WHAT TO WORK ON:
A word-for-word transcription of every record is needed.

[Excerpts from a dataset]
————

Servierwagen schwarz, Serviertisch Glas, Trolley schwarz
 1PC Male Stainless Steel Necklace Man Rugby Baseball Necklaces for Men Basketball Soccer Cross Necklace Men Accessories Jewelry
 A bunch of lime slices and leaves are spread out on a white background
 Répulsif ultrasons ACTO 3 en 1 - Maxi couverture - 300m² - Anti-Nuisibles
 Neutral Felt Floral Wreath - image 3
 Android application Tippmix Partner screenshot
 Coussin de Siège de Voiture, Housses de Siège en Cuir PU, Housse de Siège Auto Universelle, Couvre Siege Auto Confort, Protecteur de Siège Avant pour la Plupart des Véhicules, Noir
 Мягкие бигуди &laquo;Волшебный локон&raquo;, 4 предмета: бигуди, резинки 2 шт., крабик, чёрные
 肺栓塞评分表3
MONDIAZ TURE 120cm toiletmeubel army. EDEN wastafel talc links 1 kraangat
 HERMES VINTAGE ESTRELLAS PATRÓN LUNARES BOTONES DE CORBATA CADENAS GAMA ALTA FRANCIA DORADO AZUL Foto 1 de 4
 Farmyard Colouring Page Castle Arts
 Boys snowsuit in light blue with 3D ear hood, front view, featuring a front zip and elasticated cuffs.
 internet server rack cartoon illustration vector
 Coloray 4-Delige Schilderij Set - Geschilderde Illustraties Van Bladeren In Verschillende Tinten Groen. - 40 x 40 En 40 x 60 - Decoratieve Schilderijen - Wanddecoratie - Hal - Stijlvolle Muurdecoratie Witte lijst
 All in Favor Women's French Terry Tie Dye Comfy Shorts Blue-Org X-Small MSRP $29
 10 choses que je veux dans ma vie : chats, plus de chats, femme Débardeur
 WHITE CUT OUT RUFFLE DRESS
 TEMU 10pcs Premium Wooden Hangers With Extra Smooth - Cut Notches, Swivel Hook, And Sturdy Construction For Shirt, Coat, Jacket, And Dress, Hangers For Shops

————

SOLUTION TO THE EXERCISE:
Servierwagen schwarz, Serviertisch Glas, Trolley schwarz
 1PC Male Stainless Steel Necklace Man Rugby Baseball Necklaces for Men Basketball Soccer Cross Necklace Men Accessories Jewelry
 A bunch of lime slices and leaves are spread out on a white background
 Répulsif ultrasons ACTO 3 en 1 - Maxi couverture - 300m² - Anti-Nuisibles
 Neutral Felt Floral Wreath - image 3
 Android application Tippmix Partner screenshot
 Coussin de Siège de Voiture, Housses de Siège en Cuir PU, Housse de Siège Auto Universelle, Couvre Siege Auto Confort, Protecteur de Siège Avant pour la Plupart des Véhicules, Noir
 Мягкие бигуди &laquo;Волшебный локон&raquo;, 4 предмета: бигуди, резинки 2 шт., крабик, чёрные
 肺栓塞评分表3
MONDIAZ TURE 120cm toiletmeubel army. EDEN wastafel talc links 1 kraangat
 HERMES VINTAGE ESTRELLAS PATRÓN LUNARES BOTONES DE CORBATA CADENAS GAMA ALTA FRANCIA DORADO AZUL Foto 1 de 4
 Farmyard Colouring Page Castle Arts
 Boys snowsuit in light blue with 3D ear hood, front view, featuring a front zip and elasticated cuffs.
 internet server rack cartoon illustration vector
 Coloray 4-Delige Schilderij Set - Geschilderde Illustraties Van Bladeren In Verschillende Tinten Groen. - 40 x 40 En 40 x 60 - Decoratieve Schilderijen - Wanddecoratie - Hal - Stijlvolle Muurdecoratie Witte lijst
 All in Favor Women's French Terry Tie Dye Comfy Shorts Blue-Org X-Small MSRP $29
 10 choses que je veux dans ma vie : chats, plus de chats, femme Débardeur
 WHITE CUT OUT RUFFLE DRESS
 TEMU 10pcs Premium Wooden Hangers With Extra Smooth - Cut Notches, Swivel Hook, And Sturdy Construction For Shirt, Coat, Jacket, And Dress, Hangers For Shops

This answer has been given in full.